Ogni azione è sotto pressione e sotto giudizio, e l’unità di misura per capire il successo o meno della vita sono i soldi che si riescono a guadagnare e quindi a ostentare. Mei Li aveva superato queste pressioni con discreto successo, eppure pensava al suicidio. “Capisci che credere nei soldi non porta a nulla e senti che sei solo una scatola vuota. Una vita di pressioni per arrivare a sentirsi vuota, è la prova che questo sistema non funziona”. In effetti quello del suicidio per sfuggire alla pressione è un problema reale in Cina, sempre più frequenti sono i giovani che scelgono di togliersi la vita perché disarmati difronte agli standard imposti.

Poi l’incontro con un’amica cristiana neo battezzata ha condotto Mei Li in una comunità che l’ha accolta, ascoltata, capita e infine accompagnata al battesimo. “Non è vero che noi cinesi non crediamo in niente, ma finora eravamo impegnati a uscire dalla fame e sapevamo che solo lavorando duramente ci saremmo riusciti; ora è finalmente arrivato il tempo per pensare al nostro spirito, e il mio cuore si strugge perché ogni cinese diventi cristiano, ogni volta che cammino per strada e incrocio il volto di qualcuno ho la certezza che anche per lui arriverà il momento”, perché “la cosa che più mi attrae di Dio è la speranza”.

Ma ci sono anche conversioni più “sbarazzine” come quella della spensierata Giovanna d’Arco, ragazza di 17 anni della grande metropoli internazionale, giovane, bella, audace, che decide di ricevere il battesimo di nascosto dalla famiglia (scegliendo come nome di battesimo Giovanna d’Arco!). Racconta ai genitori che passa i pomeriggi al centro commerciale o in qualche locale e invece partecipa a catechesi o attività della comunità.

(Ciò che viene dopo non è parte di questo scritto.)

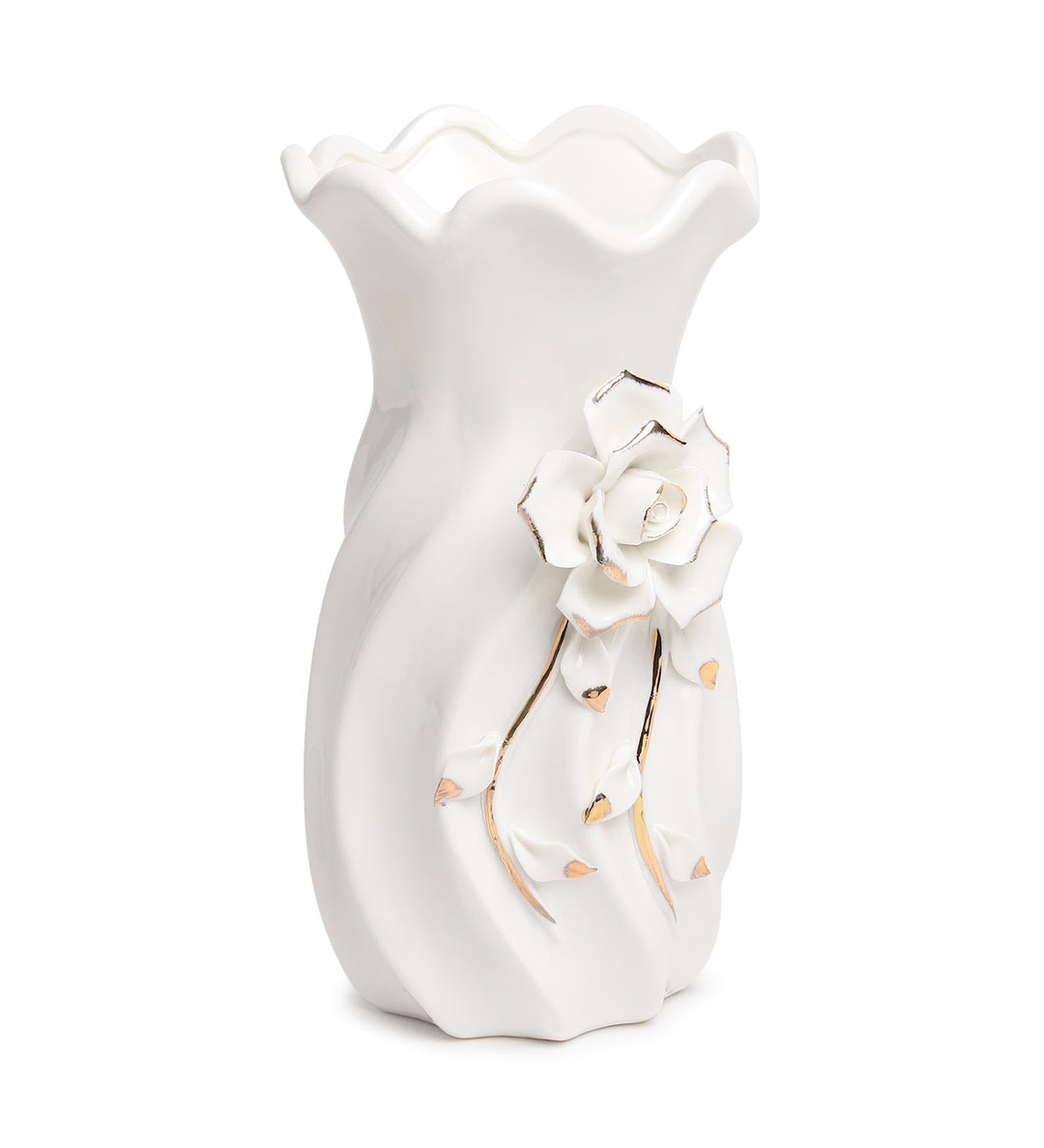 Odile Fleur Rose Porcelain Vase with Gold Edge view 6
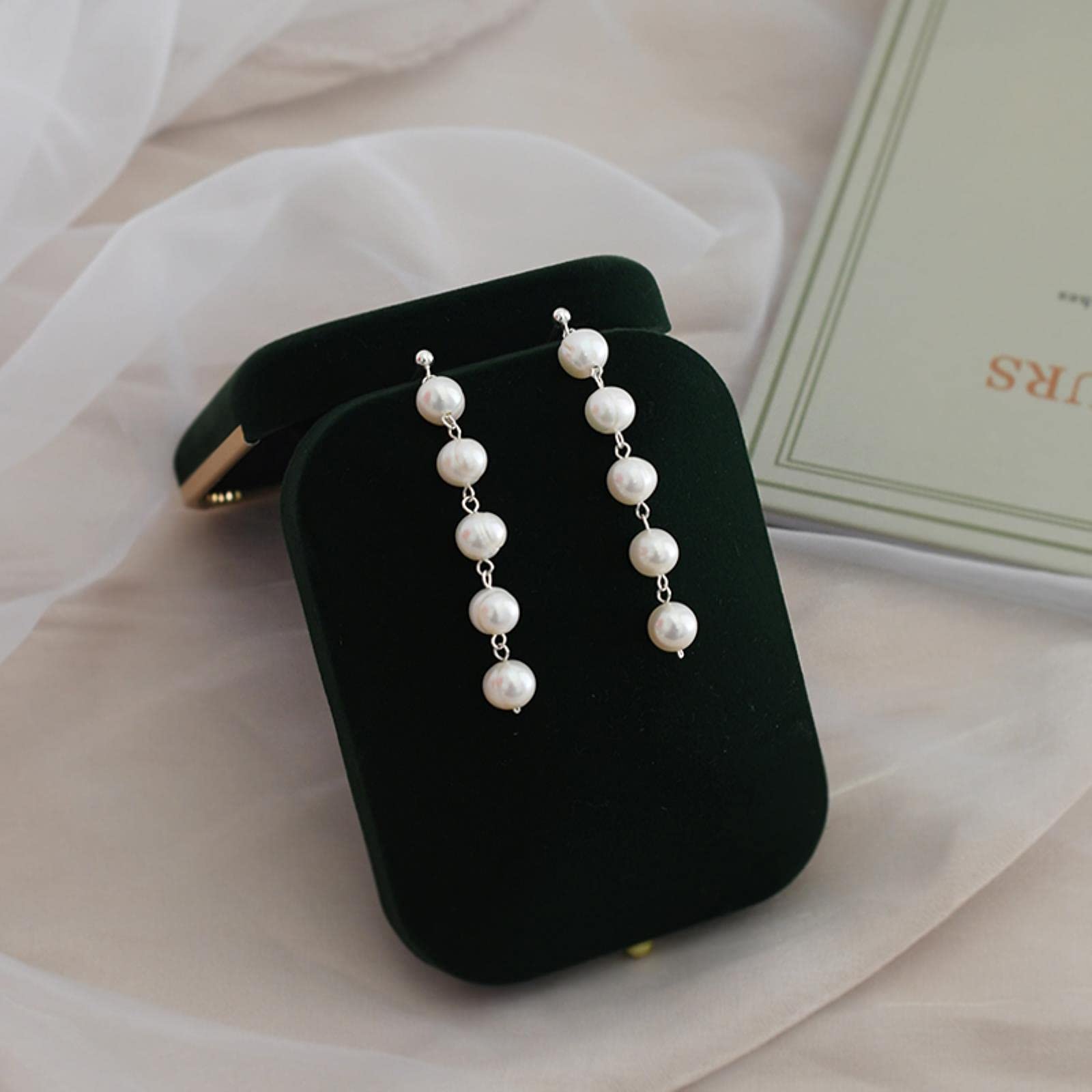 LOKILOKI Orecchini Pendenti In Argento 925 Con Perle D'Acqua Dolce Naturali, Design 2 Modi - 2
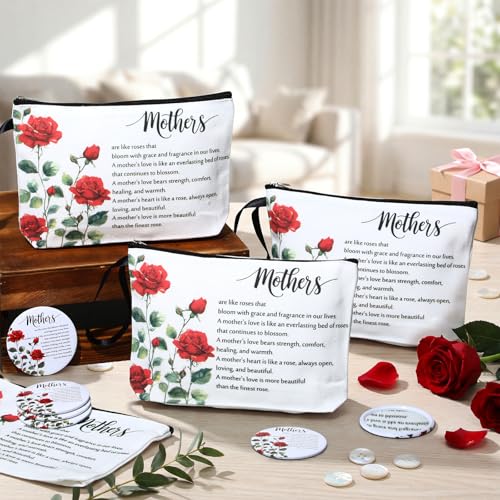 Kacctyen 10 Sets Mother's Day Makeup Bag & Compact Mirror Gift Set for Women & Mom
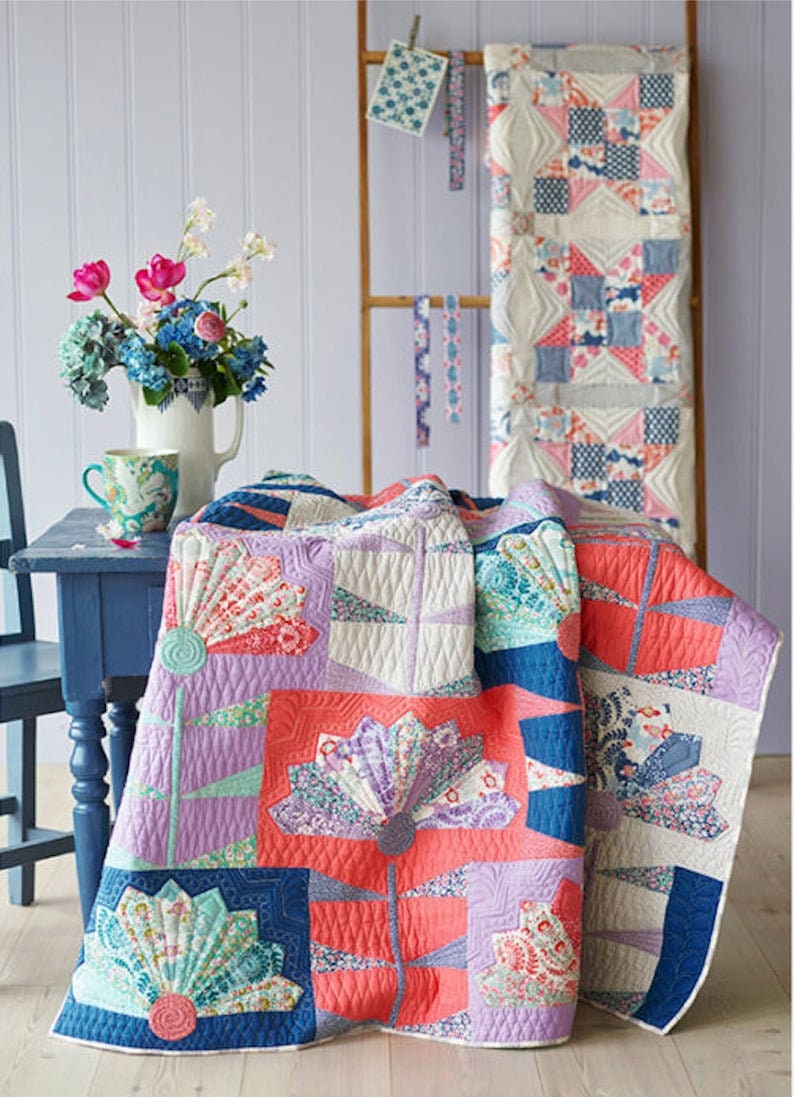 Tilda~Fan Flower Blue Quilt Kit Fan Flower Featuring LazyDays by Norwegian designer Tone Finnanger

Il suo primo approccio con i cristiani era stato attraverso alcune chiese protestanti; poi, però, con un atteggiamento da “rasoio di Ockham” e un mix di pragmatismo cinese e concisione dell’età, ha sentenziato: “le chiese protestanti erano belle ma troppe, la chiesa cattolica è una ed è uguale in tutto il mondo, quindi va bene”.

La voglia di unità con il mondo è un altro grande seme di speranza. Durante una cena con alcune famiglie e molti bambini, un genitore ha confidato di essere molto felice che suo figlio di sette anni vedesse che ci sono cristiani che vengono da lontano per condividere e stare insieme in amicizia. Lui stesso si ricordava di quando da bambino al suo villaggio giunse in visita un francese membro di qualche ordine per un po’ di tempo: “in quel momento capii che la mia fede era importante: se qualcuno da così lontano veniva a trovarci, voleva dire che eravamo parte di qualcosa di grande, qualcosa di bello”.

La speranza che viene da questa terra è tangibile se si guarda con attenzione. C’è una riserva di vitalità e voglia di mondo, che è il riflesso della privazione della libertà e dell’apertura. Sono i semi di chi sa che questa è la notte, ma che la notte non dura per sempre ed è comunque un buon momento per uscire. Come la Maddalena, che “quando era ancora buio uscì”, anche questa Chiesa esce nella notte e prepara la strada al giorno che verrà. Certo non mancano preoccupazioni, smarrimenti, difficoltà, ma si percepisce dalla gente che la fede è per loro occasione vera di speranza per la Cina intera, la speranza che permette di uscire da quel vuoto sociale, politico, esistenziale che genera solo pressioni infinite. “La Cina aspetta solo che qualcuno le parli di Dio”, su questo concordano molti giovani cristiani, ed è un ritornello in molte conversazioni.

Il Giubileo diventa così uno spazio di libertà, perché ricorda che ci sono chiese sorelle che si pensano a vicenda, fa percepire la comunione e dimenticare l’isolamento. Soprattutto ricorda che c’è un centro, che solo per il fatto di esistere dà speranza.

Così la Chiesa cinese si nutre della speranza che viene dall’appartenere all’universalità del mondo e contemporaneamente diventa essa stessa riserva di speranza per l’universalità, poiché coglie la vita dove sembra ci sia solo morte. E questa è la missione più bella.